- [What you have to do]:
The exercise asks you to copy every line below in which "using" appears.

- [Exercise input]:
=== Begin Enclosure ===

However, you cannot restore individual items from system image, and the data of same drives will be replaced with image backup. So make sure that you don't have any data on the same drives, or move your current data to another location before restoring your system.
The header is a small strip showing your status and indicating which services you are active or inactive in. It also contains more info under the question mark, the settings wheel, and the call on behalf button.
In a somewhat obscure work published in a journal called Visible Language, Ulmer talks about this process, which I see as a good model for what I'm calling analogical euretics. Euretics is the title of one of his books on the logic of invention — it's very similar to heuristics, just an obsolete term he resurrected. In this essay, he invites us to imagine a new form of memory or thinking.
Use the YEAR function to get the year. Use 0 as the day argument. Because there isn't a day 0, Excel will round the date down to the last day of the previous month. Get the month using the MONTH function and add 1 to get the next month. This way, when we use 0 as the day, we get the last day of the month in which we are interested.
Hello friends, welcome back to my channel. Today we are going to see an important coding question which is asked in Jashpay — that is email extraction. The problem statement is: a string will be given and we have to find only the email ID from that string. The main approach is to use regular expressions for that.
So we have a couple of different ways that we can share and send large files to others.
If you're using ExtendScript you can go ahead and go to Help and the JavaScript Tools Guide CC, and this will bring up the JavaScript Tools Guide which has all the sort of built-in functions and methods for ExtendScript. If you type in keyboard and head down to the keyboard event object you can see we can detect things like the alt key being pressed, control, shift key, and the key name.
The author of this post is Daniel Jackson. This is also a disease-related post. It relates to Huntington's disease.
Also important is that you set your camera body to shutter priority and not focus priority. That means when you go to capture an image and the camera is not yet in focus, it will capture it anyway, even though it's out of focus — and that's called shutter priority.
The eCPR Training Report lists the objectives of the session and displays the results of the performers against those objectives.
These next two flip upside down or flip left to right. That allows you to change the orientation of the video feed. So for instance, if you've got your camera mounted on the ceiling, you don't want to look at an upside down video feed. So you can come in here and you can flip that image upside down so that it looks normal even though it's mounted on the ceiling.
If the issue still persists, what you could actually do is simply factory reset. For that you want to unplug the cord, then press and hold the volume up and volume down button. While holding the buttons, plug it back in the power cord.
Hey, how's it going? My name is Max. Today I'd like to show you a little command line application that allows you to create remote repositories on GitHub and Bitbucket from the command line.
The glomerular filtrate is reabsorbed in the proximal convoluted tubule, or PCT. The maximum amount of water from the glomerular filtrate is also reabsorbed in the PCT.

=== End Enclosure ===

- [Result of this exercise]:
Use the YEAR function to get the year. Use 0 as the day argument. Because there isn't a day 0, Excel will round the date down to the last day of the previous month. Get the month using the MONTH function and add 1 to get the next month. This way, when we use 0 as the day, we get the last day of the month in which we are interested.
If you're using ExtendScript you can go ahead and go to Help and the JavaScript Tools Guide CC, and this will bring up the JavaScript Tools Guide which has all the sort of built-in functions and methods for ExtendScript. If you type in keyboard and head down to the keyboard event object you can see we can detect things like the alt key being pressed, control, shift key, and the key name.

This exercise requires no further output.